Question:
To generate the following array:
1 2 3 4 5
1 2 3 4 5
1 2 3 4 5
1 2 3 4 5
1 2 3 4 5
Consider the following code for building a matrix with equal rows:
var linha = [1, 2, 3, 4];
var matriz = [linha, linha, linha ];
matriz[3] = linha ; // outra alternativa
matriz.push(linha); // mais outro modo
It seems logical to use this code to generate the array. But we have a catch, we are adding elements by reference in Array matriz .
if we try
matriz[0].push(); // retirar o elemento na posição A[0][4]
matriz[1][1] = 10; // alterarmos A[1][1] de 2 para 10
we replicate the changes to all rows.
I would like you to tell me about this JavaScript behavior:
- The problems that careless use can entail, and
- What is the simplest and most acceptable way to create this array and make these changes to it.
Answer:
If you want to independently change the values, you need something like this:
var linha = [1, 2, 3, 4, 5]; var matriz = []; for( var i = 0; i<5; i++ ) { matriz.push( linha.slice() ); } //testando alteração: matriz[2][2] = 999; for( var i = 0; i<5; i++ ) { body_log( 'matriz[' + i + ']:' + matriz[i] ); } // só pra nao precisar de console: function body_log(msg) { document.body.innerHTML = document.body.innerHTML + '<p>' + msg + '</p>'; }
What's happening here is that .slice() is one of the ways to produce a clone of an array , not a new reference.

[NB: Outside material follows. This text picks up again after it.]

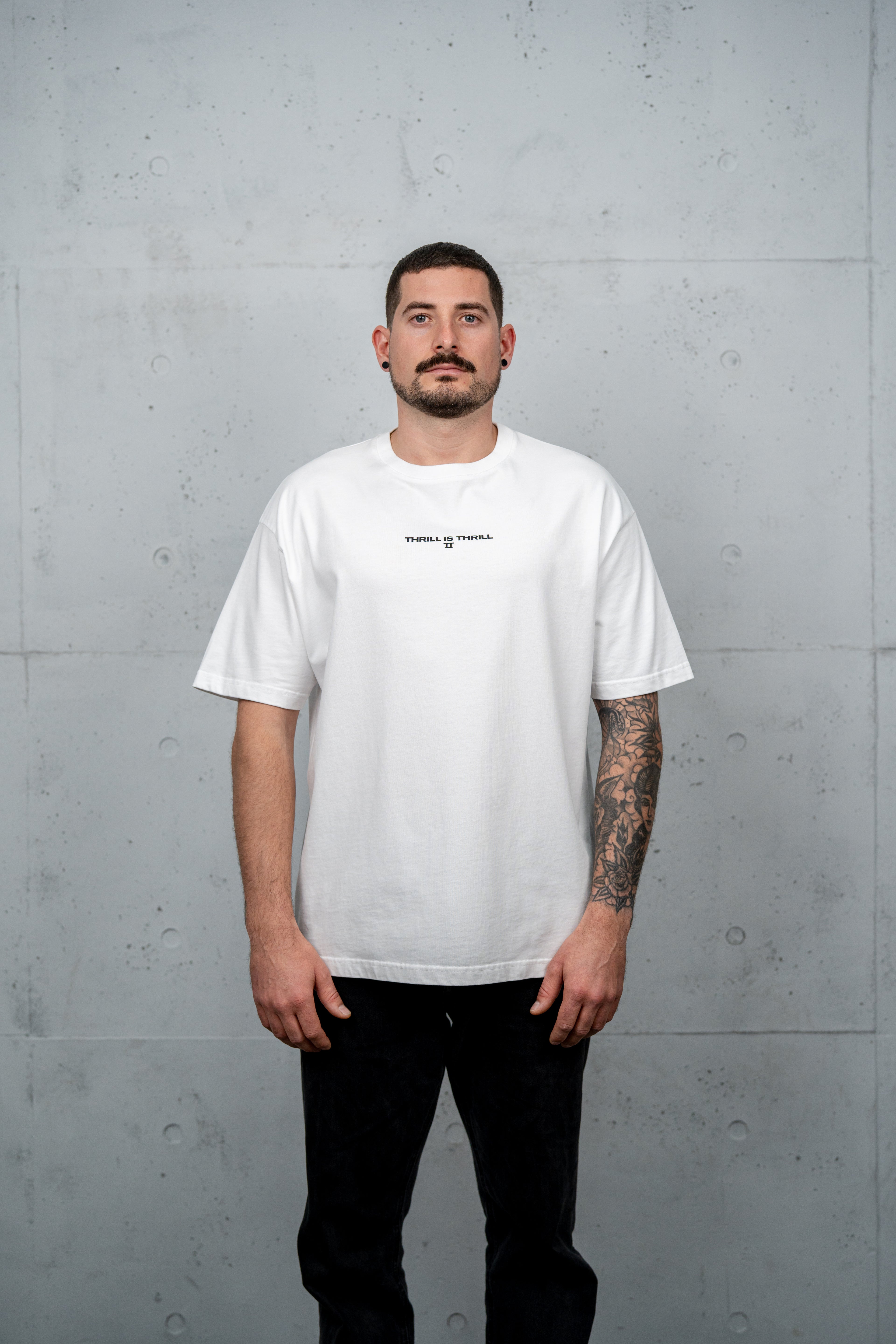 3D TEE WHITE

As you mentioned yourself, when someone does umaVariavel = umArray in JS, they are simply saying that umaVariavel points to the same memory space as umArray , and the consequence is that when you access either of the two things, you are seeing the same data. Any changes made, whether by one name or another, will be reflected when accessing them.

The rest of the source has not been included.